Could you return the full listing, every line exactly as given?
+===+
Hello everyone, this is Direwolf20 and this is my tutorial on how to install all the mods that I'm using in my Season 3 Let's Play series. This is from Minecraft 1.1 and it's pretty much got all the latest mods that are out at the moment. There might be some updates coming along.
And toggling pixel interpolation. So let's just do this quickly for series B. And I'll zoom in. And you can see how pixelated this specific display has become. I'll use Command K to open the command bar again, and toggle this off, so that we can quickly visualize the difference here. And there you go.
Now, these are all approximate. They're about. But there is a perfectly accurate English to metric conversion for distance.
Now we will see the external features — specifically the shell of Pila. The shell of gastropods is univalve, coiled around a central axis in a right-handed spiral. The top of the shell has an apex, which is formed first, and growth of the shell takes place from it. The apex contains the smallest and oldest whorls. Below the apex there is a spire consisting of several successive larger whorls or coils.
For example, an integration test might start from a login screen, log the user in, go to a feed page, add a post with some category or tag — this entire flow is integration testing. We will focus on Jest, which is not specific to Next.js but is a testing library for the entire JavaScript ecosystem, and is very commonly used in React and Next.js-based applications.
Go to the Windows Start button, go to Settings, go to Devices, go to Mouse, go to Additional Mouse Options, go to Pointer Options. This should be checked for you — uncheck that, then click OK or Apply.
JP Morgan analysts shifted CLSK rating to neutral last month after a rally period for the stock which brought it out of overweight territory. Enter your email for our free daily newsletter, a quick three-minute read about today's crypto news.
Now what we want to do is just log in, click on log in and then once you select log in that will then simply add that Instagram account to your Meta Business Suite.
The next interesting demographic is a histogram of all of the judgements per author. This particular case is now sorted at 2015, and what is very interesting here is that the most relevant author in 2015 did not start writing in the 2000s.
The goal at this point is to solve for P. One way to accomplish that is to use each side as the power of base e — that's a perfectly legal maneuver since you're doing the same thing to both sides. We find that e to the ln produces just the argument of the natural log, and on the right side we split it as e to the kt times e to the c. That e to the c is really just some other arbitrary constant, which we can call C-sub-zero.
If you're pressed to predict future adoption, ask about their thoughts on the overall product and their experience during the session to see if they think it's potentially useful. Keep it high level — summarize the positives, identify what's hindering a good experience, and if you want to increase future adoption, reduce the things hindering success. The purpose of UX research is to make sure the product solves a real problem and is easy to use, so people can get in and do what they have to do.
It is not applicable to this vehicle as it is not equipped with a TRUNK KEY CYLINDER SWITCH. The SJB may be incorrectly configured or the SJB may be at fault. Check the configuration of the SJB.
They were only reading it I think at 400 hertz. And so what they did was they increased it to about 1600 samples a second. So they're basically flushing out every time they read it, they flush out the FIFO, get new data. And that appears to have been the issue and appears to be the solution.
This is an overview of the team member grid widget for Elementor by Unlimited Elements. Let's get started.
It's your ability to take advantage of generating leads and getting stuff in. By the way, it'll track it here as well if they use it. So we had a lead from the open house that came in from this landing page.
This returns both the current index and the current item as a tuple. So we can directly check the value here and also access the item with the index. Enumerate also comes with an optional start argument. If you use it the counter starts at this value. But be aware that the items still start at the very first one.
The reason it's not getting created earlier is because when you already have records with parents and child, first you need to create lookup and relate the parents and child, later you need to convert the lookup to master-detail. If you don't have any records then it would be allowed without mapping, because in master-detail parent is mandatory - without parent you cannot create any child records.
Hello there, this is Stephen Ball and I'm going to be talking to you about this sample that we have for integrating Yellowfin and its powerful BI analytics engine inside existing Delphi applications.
+===+
Written solution:
Hello everyone, this is Direwolf20 and this is my tutorial on how to install all the mods that I'm using in my Season 3 Let's Play series. This is from Minecraft 1.1 and it's pretty much got all the latest mods that are out at the moment. There might be some updates coming along.
And toggling pixel interpolation. So let's just do this quickly for series B. And I'll zoom in. And you can see how pixelated this specific display has become. I'll use Command K to open the command bar again, and toggle this off, so that we can quickly visualize the difference here. And there you go.
Now, these are all approximate. They're about. But there is a perfectly accurate English to metric conversion for distance.
Now we will see the external features — specifically the shell of Pila. The shell of gastropods is univalve, coiled around a central axis in a right-handed spiral. The top of the shell has an apex, which is formed first, and growth of the shell takes place from it. The apex contains the smallest and oldest whorls. Below the apex there is a spire consisting of several successive larger whorls or coils.
For example, an integration test might start from a login screen, log the user in, go to a feed page, add a post with some category or tag — this entire flow is integration testing. We will focus on Jest, which is not specific to Next.js but is a testing library for the entire JavaScript ecosystem, and is very commonly used in React and Next.js-based applications.
Go to the Windows Start button, go to Settings, go to Devices, go to Mouse, go to Additional Mouse Options, go to Pointer Options. This should be checked for you — uncheck that, then click OK or Apply.
JP Morgan analysts shifted CLSK rating to neutral last month after a rally period for the stock which brought it out of overweight territory. Enter your email for our free daily newsletter, a quick three-minute read about today's crypto news.
Now what we want to do is just log in, click on log in and then once you select log in that will then simply add that Instagram account to your Meta Business Suite.
The next interesting demographic is a histogram of all of the judgements per author. This particular case is now sorted at 2015, and what is very interesting here is that the most relevant author in 2015 did not start writing in the 2000s.
The goal at this point is to solve for P. One way to accomplish that is to use each side as the power of base e — that's a perfectly legal maneuver since you're doing the same thing to both sides. We find that e to the ln produces just the argument of the natural log, and on the right side we split it as e to the kt times e to the c. That e to the c is really just some other arbitrary constant, which we can call C-sub-zero.
If you're pressed to predict future adoption, ask about their thoughts on the overall product and their experience during the session to see if they think it's potentially useful. Keep it high level — summarize the positives, identify what's hindering a good experience, and if you want to increase future adoption, reduce the things hindering success. The purpose of UX research is to make sure the product solves a real problem and is easy to use, so people can get in and do what they have to do.
It is not applicable to this vehicle as it is not equipped with a TRUNK KEY CYLINDER SWITCH. The SJB may be incorrectly configured or the SJB may be at fault. Check the configuration of the SJB.
They were only reading it I think at 400 hertz. And so what they did was they increased it to about 1600 samples a second. So they're basically flushing out every time they read it, they flush out the FIFO, get new data. And that appears to have been the issue and appears to be the solution.
This is an overview of the team member grid widget for Elementor by Unlimited Elements. Let's get started.
It's your ability to take advantage of generating leads and getting stuff in. By the way, it'll track it here as well if they use it. So we had a lead from the open house that came in from this landing page.
This returns both the current index and the current item as a tuple. So we can directly check the value here and also access the item with the index. Enumerate also comes with an optional start argument. If you use it the counter starts at this value. But be aware that the items still start at the very first one.
The reason it's not getting created earlier is because when you already have records with parents and child, first you need to create lookup and relate the parents and child, later you need to convert the lookup to master-detail. If you don't have any records then it would be allowed without mapping, because in master-detail parent is mandatory - without parent you cannot create any child records.
Hello there, this is Stephen Ball and I'm going to be talking to you about this sample that we have for integrating Yellowfin and its powerful BI analytics engine inside existing Delphi applications.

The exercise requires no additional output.